You don't want to completely eliminate friction brakes. Every vehicle needs a redundant braking system. Even bicycles have them (independent front & rear brakes). And if you're going to have a friction brake, it needs to be used fairly regularly, otherwise you won't know if it's failed until you need it. It may also rust from disuse (esp. disc brake rotors).
Motorbikes use stainless discs.
eGolf's electric handbrake does NOT work while moving, so if it's the same on a gas car I wonder what its "redundant braking system" would be.
Eliminating friction brakes was NOT my idea! I, too, would have thought it unsafe or illegal, but I heard the comments starting at 27:39 of https://www.youtube.com/watch?v=IJ5sU2r-xxw
Most conventional cars have redundant hydraulic brakes. Usually the pedal is connected to two master cylinders, each of which is connected to brakes on two wheels.
Effectively correct: It's 2 semi-independent pistons in one master cylinder. The point is that fronts can fail & rears will still work. You can accomplish that even more easily with independent front & rear regen.
Redundant regenerative braking would require independent electrical systems for front and rear motors, from independent batteries (or designed to work even when disconnected from the batteries) all the way up to 2 independent sensors on the brake pedal. It's possible, but not exactly easy.
Probably easier with FWD: Regen-only on the front & disc on the rear. Still eliminates cost, weight & complexity of 2 discs, 2 calipers, 2 hoses, & lines. Dual master becomes single.
AWD is a luxury where cost is less important. I believe front & rear motors/controllers are already independent. 2 brake pedal sensors seems easy. If necessary, make each motor connect to its own section of the battery pack for regen.
Still seems easier than having 2 semi-independent hydraulic systems with 3 discs, 3 calipers, 3 hoses, lines, dual master-cylinder & an electric motor powering a brake fluid pump.
Anyway, it wasn't my idea! The experts say it's possible, starting at 27:39 of https://www.youtube.com/watch?v=IJ5sU2r-xxw
I have 133,000 miles on my 2014 BMW i3 with 6mm brake pad still left, so one pedal driving is pretty darned efficient.

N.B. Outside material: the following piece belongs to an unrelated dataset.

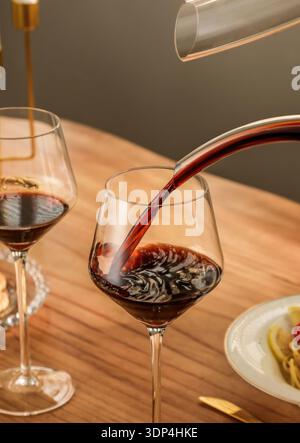 Verser le vin rouge de la carafe dans l'élégant verre de cristal sur la table en bois Banque D'Images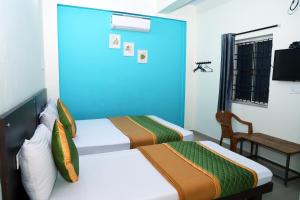 מיטה או מיטות בחדר ב-Royal Green - Airport Stay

Why should one pedal driving be so "pretty darned efficient"? If the regen only is activated by the brake pedal, that should not make any difference in efficiency ... for the car, not the foot. I would argue, if you take the foot of the gas AND the brake, resting your foot, there should be no energy used from the car. Provided, that there is no regen active when the gas pedal is depressed.
@Tomy J , on many EVs, one-pedal driving is more efficient because letting up on the accelerator pedal activates regen, not friction brakes. Whereas stepping on the brake pedal activates both.
One-pedal driving is also very user-friendly. If instead the car is designed as you describe (car coasts when neither pedal is pressed), driving in highway traffic would involve constantly switching your foot between the two pedals.
Right, except that in every BEV I know of, stepping on the brake pedal doesn't activate both. It only activates regen, except for panic stops, & sometimes below a certain speed (my friction brakes activate below 7mph)
@Tomy J What is "gas"? 😉
Most electric cars have settings that activate regenerative braking when the driver lets off the accelerator pedal. No need to push on the brake pedal to stop. Some do not have “full” one pedal braking stops.
https://www.aptera.us/forum/main/comment/6031daa3b24694001774f006 <devices for attaching temporary extra accerioies. i heard somone wanted a minimally existing 4th wheel b/c his local laws required it or he wanted tax credit for EV car, so i though maybe such 4th wheel could be something that in front/rear of he main rear wheel as something that doesn't touch ground unless deployed via brake pedal for more grip for more regenerative braking, and as a unintentional extra higher power acceleration(with more traction and motor), and source of more grip around turns when needed. of course such a thing can be taken off when not needed assuming it wouldn't pay off, like for when braking is not often etc.